WHAT IS REQUIRED:
Leave every picture out, and print the full listing again exactly.

GIVEN DATA:

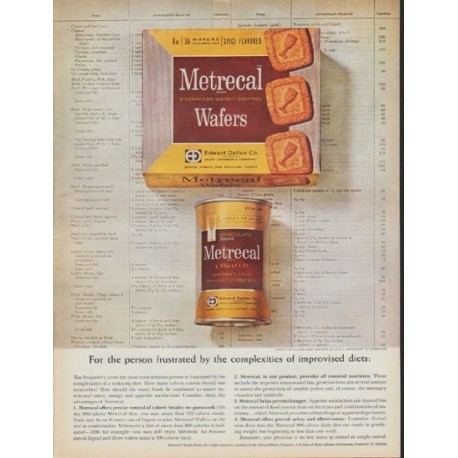 1962 Metrecal Ad "complexities of improvised diets"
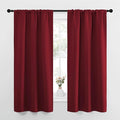 NICETOWN Christmas Burgundy Curtains Blackout Drape Panels - Lights Block Out Window Treatment Short Curtain Sets for Loft and Basement Decoration (Set of 2, 34 by 63-Inch) by NICETOWN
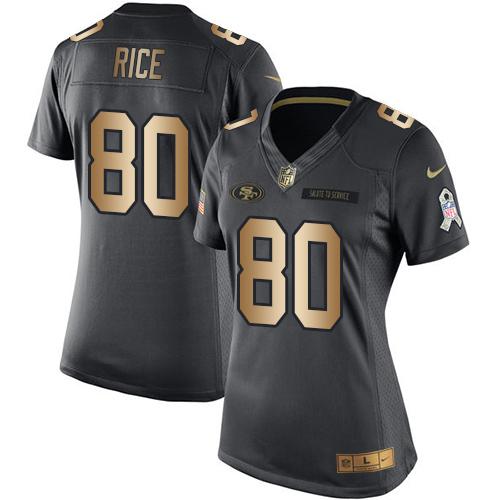Nike 49ers #80 Jerry Rice Black Women's Stitched NFL Limited Gold Salute to Service Jersey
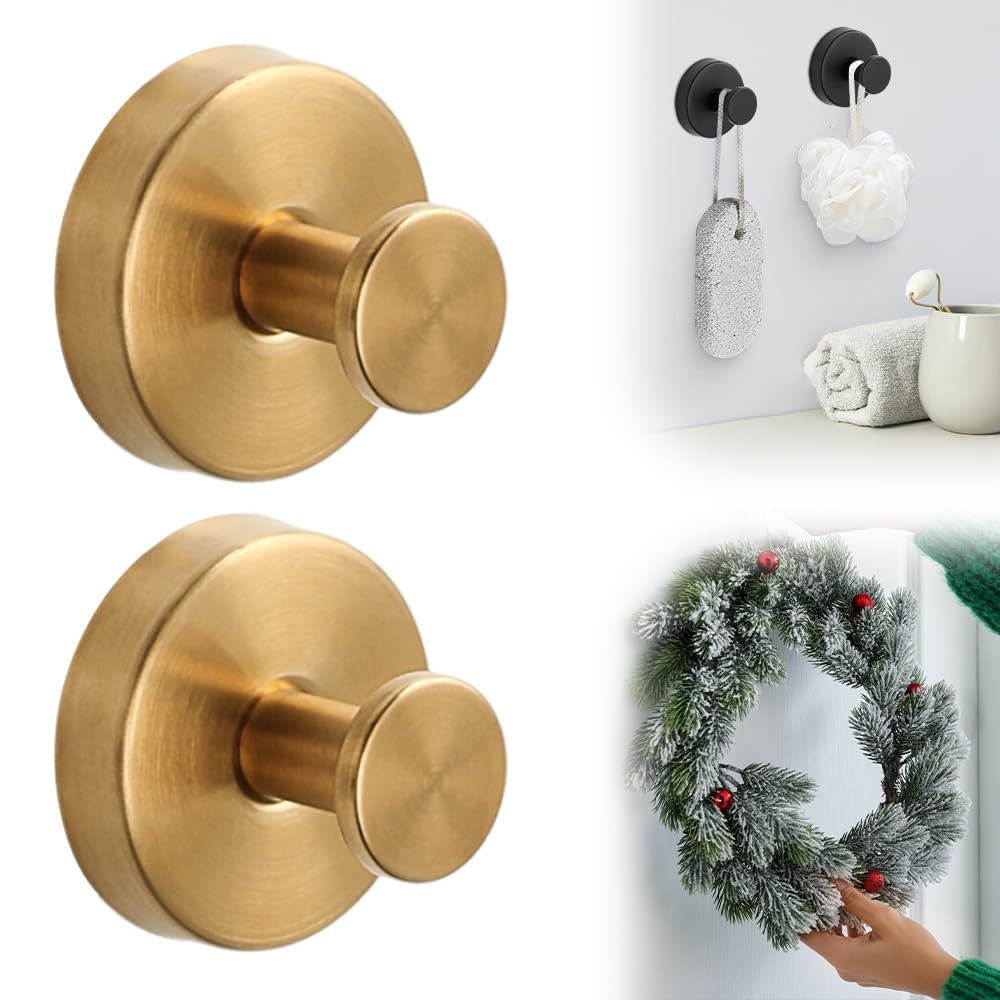 Suction Cup Hooks for Wreaths on Glass, 2025 New No Drill Suction Cup Hooks for Shower Hanging Towels, Suction Cup Wreath Hanger Holder for Glass Window Door Bathroom Mirrors (2, Gold)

EXERCISE RESULT:
 1962 Metrecal Ad "complexities of improvised diets"
 NICETOWN Christmas Burgundy Curtains Blackout Drape Panels - Lights Block Out Window Treatment Short Curtain Sets for Loft and Basement Decoration (Set of 2, 34 by 63-Inch) by NICETOWN
Nike 49ers #80 Jerry Rice Black Women's Stitched NFL Limited Gold Salute to Service Jersey
 Suction Cup Hooks for Wreaths on Glass, 2025 New No Drill Suction Cup Hooks for Shower Hanging Towels, Suction Cup Wreath Hanger Holder for Glass Window Door Bathroom Mirrors (2, Gold)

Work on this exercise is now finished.